Speaking at an EU-Africa summit in Abidjan, Merkel is seeking to show Germany can take foreign policy action despite still being under a caretaker government two months after an election.
The influx of more than a million migrants since mid-2015, many of them fleeing the Middle East and Africa, was largely to blame for the rise of the anti-immigrant Alternative for Germany (AfD) in the Sept 24 election.
By taking votes from Merkel’s conservative bloc and others, they surged into parliament for the first time, leaving Merkel facing complicated coalition arithmetic. She is grappling to form a new government with the centre-left Social Democrats (SPD) after discussions on forming a three-way tie-up with the pro-business Free Democrats and the Greens failed, in part because of the thorny issue of migration.
"There is a common interest in ending illegal immigration," Merkel said. "This plays a role all over the African continent now because there are reports that young African men are being sold like slaves in Libya."

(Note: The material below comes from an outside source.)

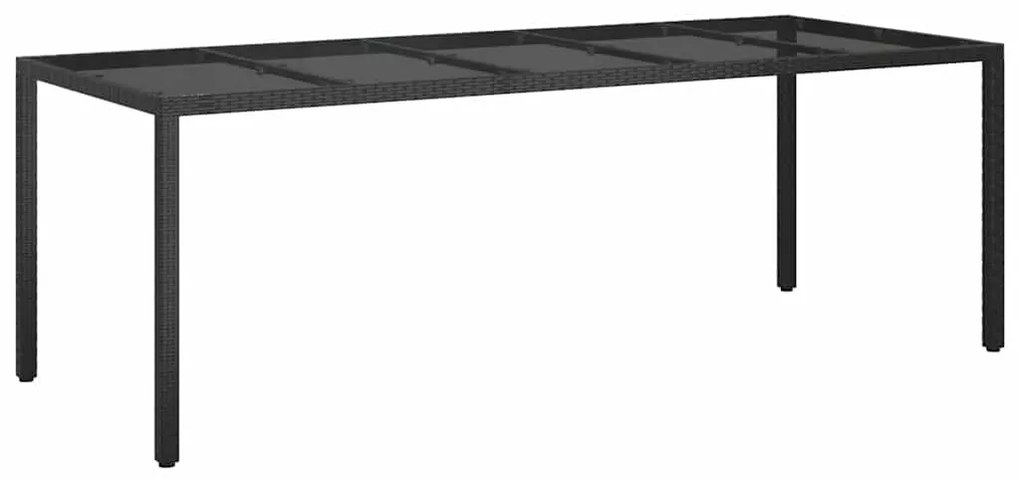 Mesa de Jantar de Jardim Preta 250x100x75 cm Rattan Poliéster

Libya is now the main departure point for mostly African migrants trying to cross to Europe. Smugglers usually pack them into flimsy inflatable boats that often break down or sink. Merkel, who in 2015 decided to open Germany’s borders to migrants, said legal options should be created for Africans to be able to get training or study in an EU country.
Speaking on the sidelines of the summit, German Foreign Minister Sigmar Gabriel, from the SPD, suggested that Europe could offer several hundred thousand places each year as long as those people returned voluntarily after three or four years.
But Guenter Nooke, Merkel’s Africa envoy from her Christian Democrats (CDU), was more sceptical: "No interior minister will let hundreds of thousands in if he is not sure that most of them will return," he said.